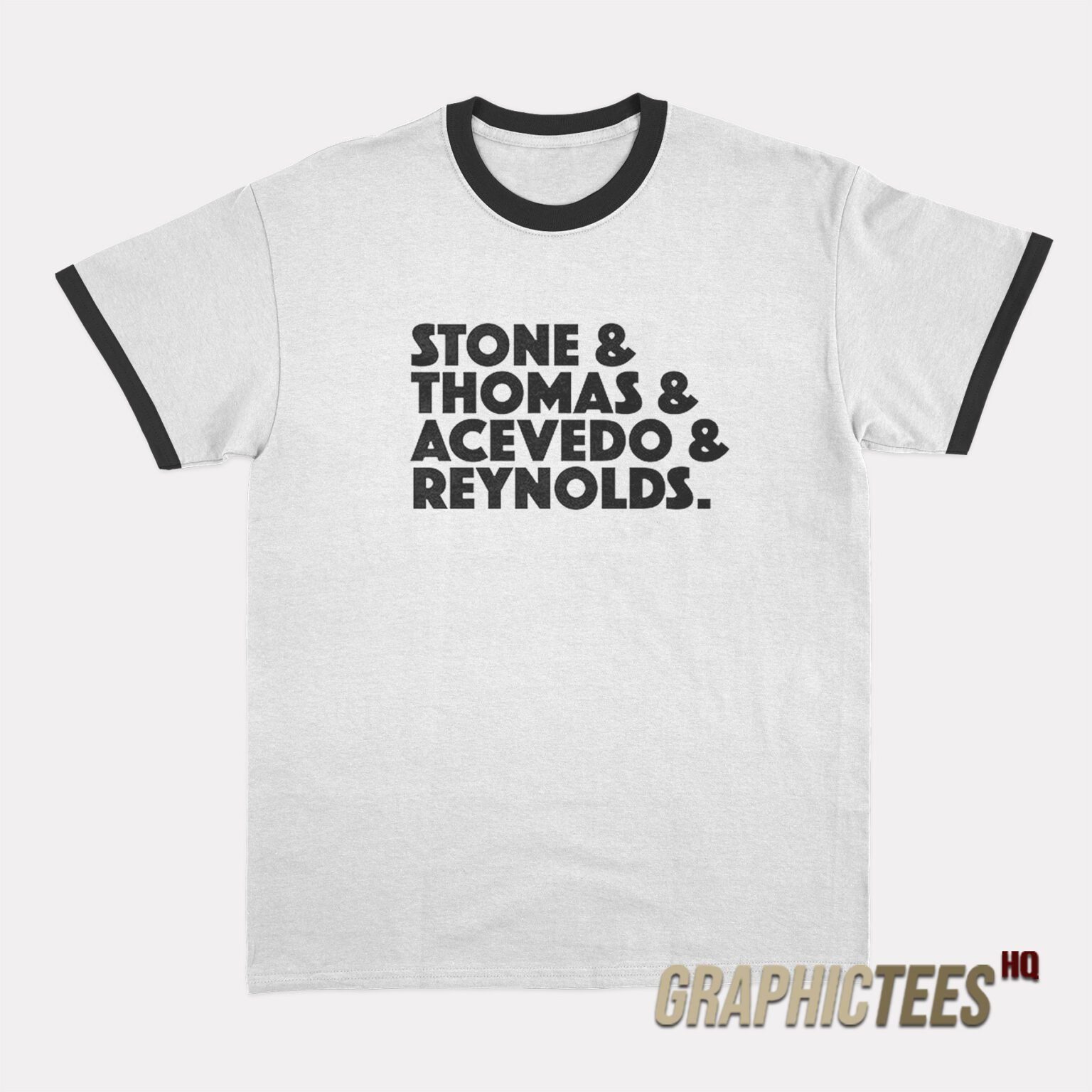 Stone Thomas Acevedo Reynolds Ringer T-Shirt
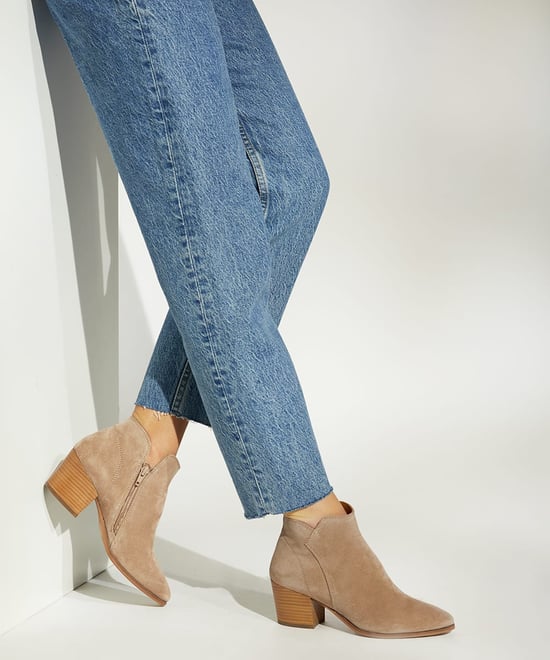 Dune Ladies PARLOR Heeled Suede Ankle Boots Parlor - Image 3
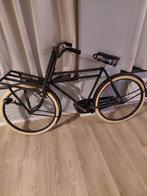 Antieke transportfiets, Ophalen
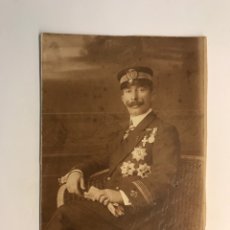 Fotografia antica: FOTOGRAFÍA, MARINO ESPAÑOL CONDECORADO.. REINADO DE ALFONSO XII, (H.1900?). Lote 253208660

= = = = = = =

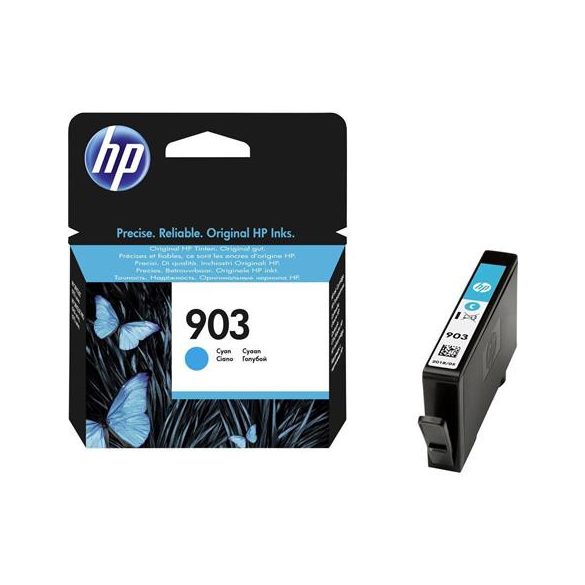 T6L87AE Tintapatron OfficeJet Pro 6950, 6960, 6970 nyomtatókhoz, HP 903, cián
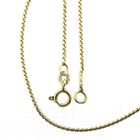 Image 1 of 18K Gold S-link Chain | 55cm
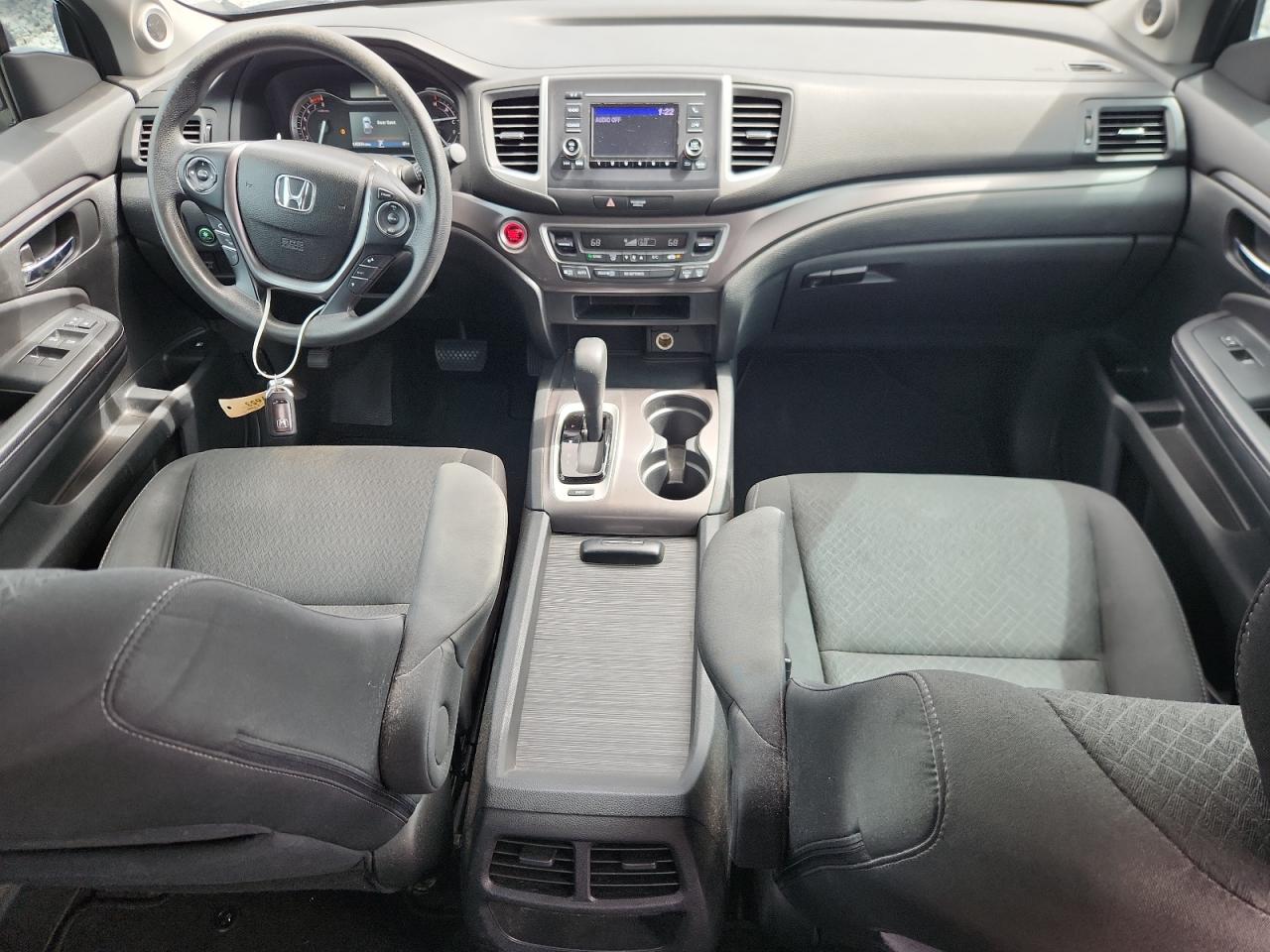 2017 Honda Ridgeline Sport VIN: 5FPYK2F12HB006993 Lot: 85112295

= = = = = = =

= HOW TO COMPLETE THIS TASK =
What to print is the stretch of entries from the line with "Stone Thomas Acevedo Reynolds Ringer T-Shirt" up to and including the line with "Fotografia antica: FOTOGRAFÍA, MARINO". Please print it exactly and leave out the pictures.

= SOLUTION TO THIS PROBLEM =
 Stone Thomas Acevedo Reynolds Ringer T-Shirt
 Dune Ladies PARLOR Heeled Suede Ankle Boots Parlor - Image 3
 Antieke transportfiets, Ophalen
 Fotografia antica: FOTOGRAFÍA, MARINO ESPAÑOL CONDECORADO.. REINADO DE ALFONSO XII, (H.1900?). Lote 253208660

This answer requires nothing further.